The four priority groups are: care home residents and staff; all those aged 80 and over and frontline health and social care workers; people aged 75 and over; everyone aged 70 and over and individuals classed as extremely vulnerable.
Mr Hancock said people in these groups account for 88% of COVID deaths, adding that two fifths of over 80s and “almost a quarter of older care home residents” have received their first dose of a coronavirus vaccine.
The health secretary was speaking amid continued speculation about whether England’s third lockdown could be strengthened.
Prime Minister Boris Johnson has warned the government “may have to do more” if ministers feel the rules “are not being properly observed”.
Asked whether this was a possibility, Mr Hancock said people should be focusing on sticking to the current rules “as they are”.
“The NHS, more than ever before, needs everybody to be doing something right now – and that something is to follow the rules,” he said.

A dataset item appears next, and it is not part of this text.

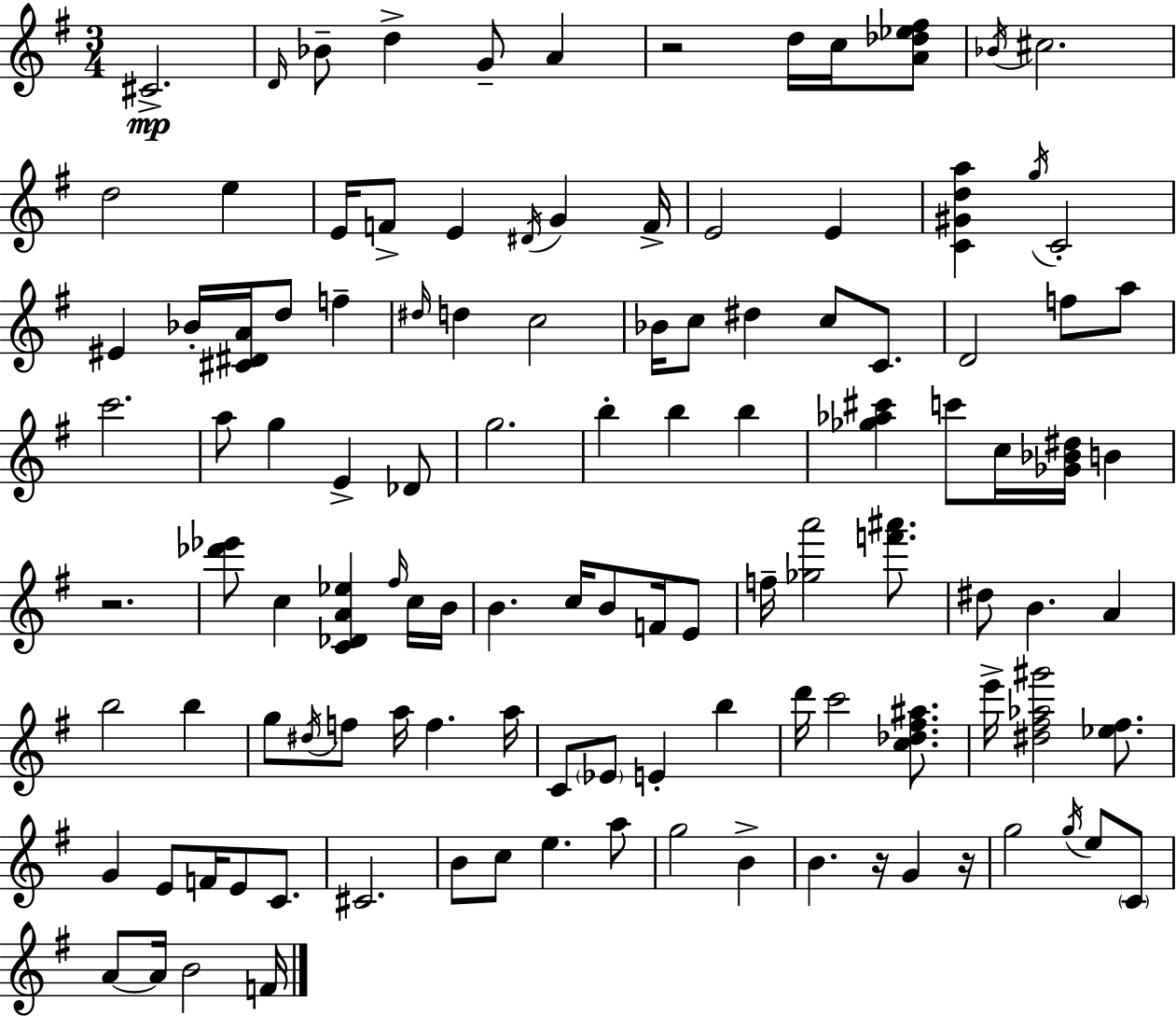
C#4/h. D4/s Bb4/e D5/q G4/e A4/q R/h D5/s C5/s [A4,Db5,Eb5,F#5]/e Bb4/s C#5/h. D5/h E5/q E4/s F4/e E4/q D#4/s G4/q F4/s E4/h E4/q [C4,G#4,D5,A5]/q G5/s C4/h EIS4/q Bb4/s [C#4,D#4,A4]/s D5/e F5/q D#5/s D5/q C5/h Bb4/s C5/e D#5/q C5/e C4/e. D4/h F5/e A5/e C6/h. A5/e G5/q E4/q Db4/e G5/h. B5/q B5/q B5/q [Gb5,Ab5,C#6]/q C6/e C5/s [Gb4,Bb4,D#5]/s B4/q R/h. [Db6,Eb6]/e C5/q [C4,Db4,A4,Eb5]/q F#5/s C5/s B4/s B4/q. C5/s B4/e F4/s E4/e F5/s [Gb5,A6]/h [F6,A#6]/e. D#5/e B4/q. A4/q B5/h B5/q G5/e D#5/s F5/e A5/s F5/q. A5/s C4/e Eb4/e E4/q B5/q D6/s C6/h [C5,Db5,F#5,A#5]/e. E6/s [D#5,F#5,Ab5,G#6]/h [Eb5,F#5]/e. G4/q E4/e F4/s E4/e C4/e. C#4/h. B4/e C5/e E5/q. A5/e G5/h B4/q B4/q. R/s G4/q R/s G5/h G5/s E5/e C4/e A4/e A4/s B4/h F4/s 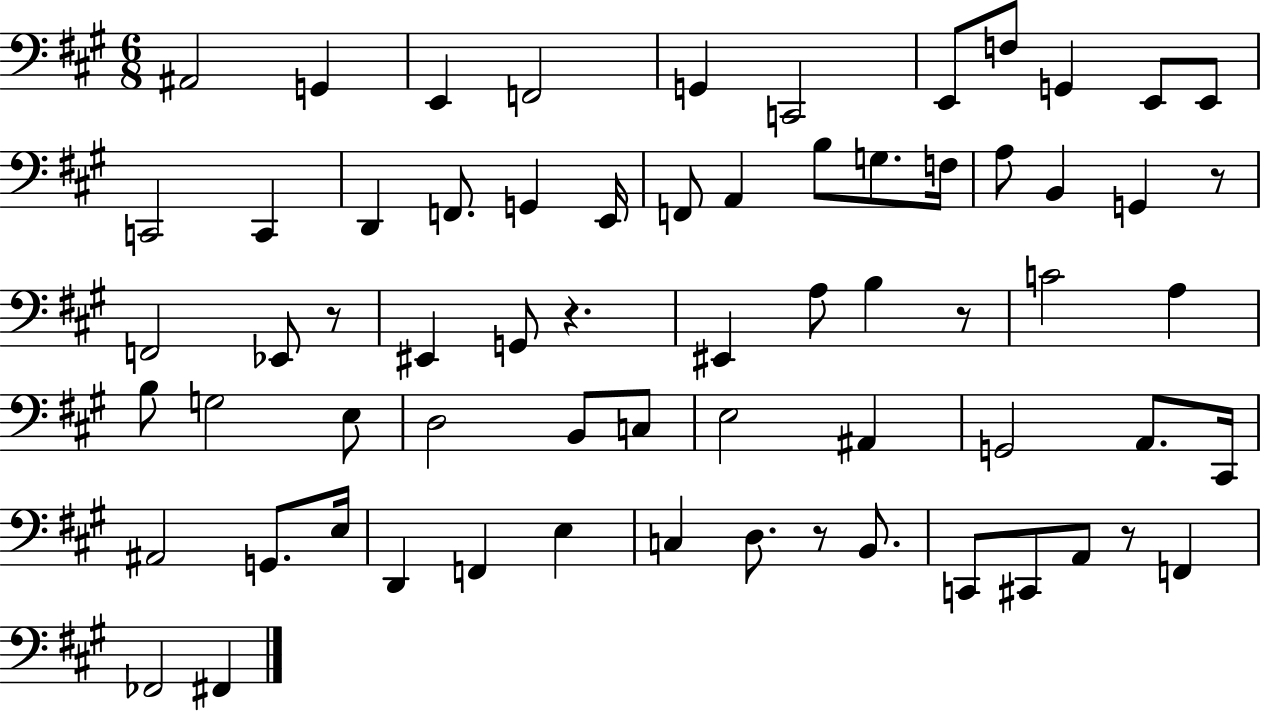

“I know there has been speculation about more restrictions, and we don’t rule out taking further action if it is needed, but it is your actions now that can make a difference.
“Stay at home, and please reduce all social contact that is not absolutely strictly necessary. That’s what is needed: act like you have the virus.”
The health secretary said the new “highly contagious” coronavirus variant first identified in the UK was “putting the NHS under very significant pressure”, with 32,294 people currently in hospital with the virus across the UK, up 22% on this time last week.
Professor Stephen Powis, national medical director for NHS England, said there are now 13,000 more COVID patients in hospital than there were on Christmas Day.
Setting out the four-part plan for rolling out the vaccines, Mr Hancock said the government will focus on supply, prioritisation, expanding the number of sites, and workforce, saying 80,000 people are involved in the effort.